And TJ also had some very interesting comments,
Seriously, Twitter would have been no better off having been written in PHP. They should have done better database profiling, but didn’t. Sucks to be the most popular site on the ‘Net. Now that they’ve released early and gotten the gold, they need to dig in and customize the hell out of the their DB layer.
Rails gave them the win because it fit their development tastes and helped them get a product up and running fast. Ruby is a clean, fluid language, so tweaking and hacking to optimize for known concerns is straightforward. Twitter has problems, but they’re the problems people should want to have.
I have not got involved in the Ruby/Rails community purely down to time constraints and just keeping up with PHP is enough for me at the moment. I did find an interesting blog about Ruby Benchmarking that is worth checking out (plus now a follow up). All of this has given me a bit of an insight into how Rails is developing. The case for a file-based database for Twitter continues to rage on Thought Palace .
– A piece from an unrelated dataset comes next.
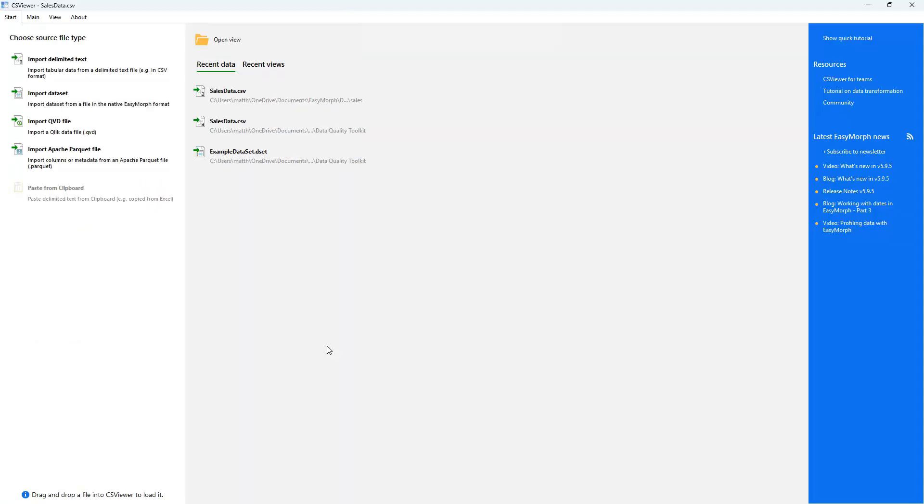CS Viewer is a free tool from the makers of EasyMorph, allowing you to view, profile, filter and search data files.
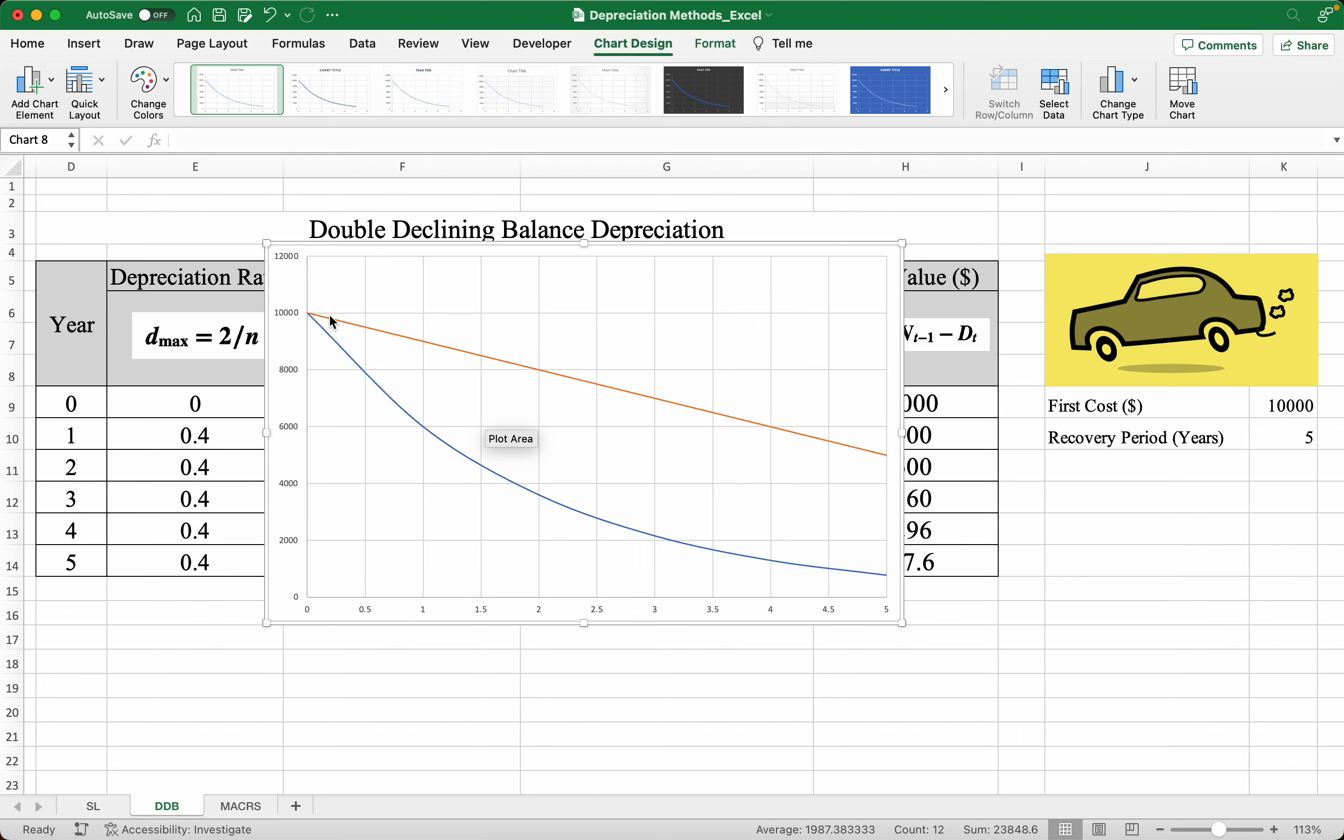And that's because the DDB is basically twice the rate of the straight line method. So that's it for this video, thank you for watching.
I also had a question from Lada over night asking if I still developed games, the short answer is no. But its a long story of why so I will leave it to a later post.
benchmarking optimize Programming ruby on rails tweaking
Comment by David Zülke on 20 April 2007:
Ehm, could you just quickly remind me again why in the name of god you are comparing PHP (a language) to Rails (a framework)?
Comment by nick on 20 April 2007:
The original post was about PHP Frameworks VS Rails. I made the mistake of not putting Framework in the title this time! (which I will now fix). Thanks for pointing it out.